The crisis in Hong Kong shows no sign of abating. Rumor has it that after the Chinese Communist Party (CCP) leaders’ annual Beidaihe meeting ended on Aug. 16, CCP General Secretary Xi Jinping (習近平) remarked, with regard to Hong Kong: “Whoever caused the trouble will have to fix it.”
Evidently, he does not want to take the blame for the unrest or anything that goes wrong when trying to quell it. No matter who should take responsibility, the person under the highest pressure is certainly Hong Kong Chief Executive Carrie Lam (林鄭月娥).
Commentators originally expected that the Beijing government would dispatch the People’s Liberation Army or the People’s Armed Police to resolve the Hong Kong problem based on the relevant articles of Chinese laws governing the Hong Kong Special Administrative Region, namely articles 6, 14 and 29 of the Garrison Law and Article 18 of the Basic Law.
This threat was brought to the fore in 2017, when then-Chinese Ministry of Foreign Affairs spokesperson Lu Kang (陸慷) stated that the 1984 Sino-British Joint Declaration on Hong Kong was just a historical document. These conditions would make it relatively easy for China to renege on the promise that it made in the declaration to maintain “one country, two systems” in Hong Kong.
Many members of the international community have expressed their concern about the situation in Hong Kong, and on Aug. 26, G7 leaders issued an end-of-summit statement in which they reaffirmed the “existence and importance” of the Sino-British Joint Declaration.
Also during the past few days, an old law dating from the days of British colonial rule over Hong Kong has come to the fore, namely the Emergency Regulations Ordinance, which allows Hong Kong’s “chief executive in council” — originally meaning the British governor — to exercise dictatorial powers.
This ordinance was enacted in 1922, at a time of destitution and social unrest after the end of World War I, when Hong Kong was hit by a seamen’s strike that had the support of then-president of the Republic of China Sun Yat-sen (孫逸仙) and his military government in Guangzhou.

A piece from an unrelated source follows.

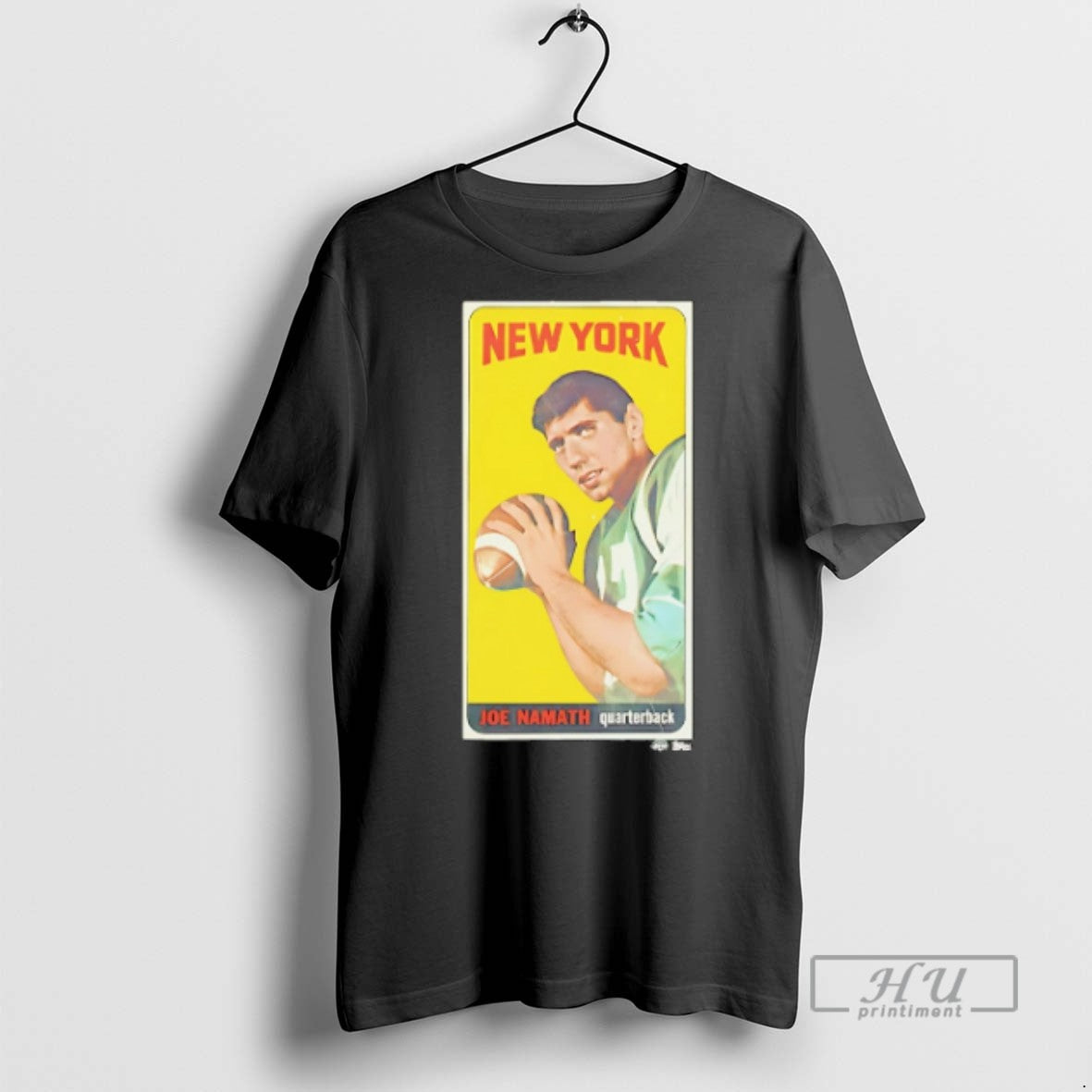 Trending New York Jets Joe Namath Trading Card T Shirts Sweatshirt Hoodies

The strike paralyzed Hong Kong’s sea transport, and after the British governor imposed martial law, it grew into a general strike by 100,000 workers, three of whom were shot dead in the Sha Tin massacre. The strike eventually ended after the British consul-general in Guangzhou stepped in to negotiate.
The 1922 seamen’s strike was followed by the Canton-Hong Kong Strike of 1925–1926 and a wave of other strikes in various parts of China. To be sure, Beijing does not want a similar chain reaction to happen again.
The 1922 Emergency Regulations Ordinance gave tremendous powers to the chief executive, who was then the governor. These include the power to amend or suspend existing laws, take control of people, things and land, appropriate property and search premises, and even to unilaterally impose any penalty or sanction short of the death penalty.
Section 2, Subsection 3 of the ordinance further states: “Any regulations made under the provisions of this section shall continue in force until repealed by order of the Chief Executive in Council.”
This ordinance was enacted a long time ago, and has since been amended nine times, reflecting the major changes that have taken place in Hong Kong over the years.
Notably, it has been amended since the UK handed Hong Kong back to China in 1997, showing that both the UK and China have continued to recognize the validity of the ordinance.
If Lam assumes dictatorial powers based on the Emergency Regulations Ordinance, rather than the Basic Law or the Garrison Law, the UK, as the originator of the ordinance, might find itself in an embarrassing position.
It would also be awkward for Beijing, because it would mean that China recognizes the legitimacy of the legal system of British-ruled Hong Kong, which is part and parcel of the “two systems” aspect of the “one country, two systems” formula.
Any political solution for Hong Kong’s current predicament must involve concessions by Beijing, but Xi seems to be shrugging off the problem. That is how it looks, but could his attitude really mean that a “hardline solution” is in the offing?
HoonTing is a political commentator.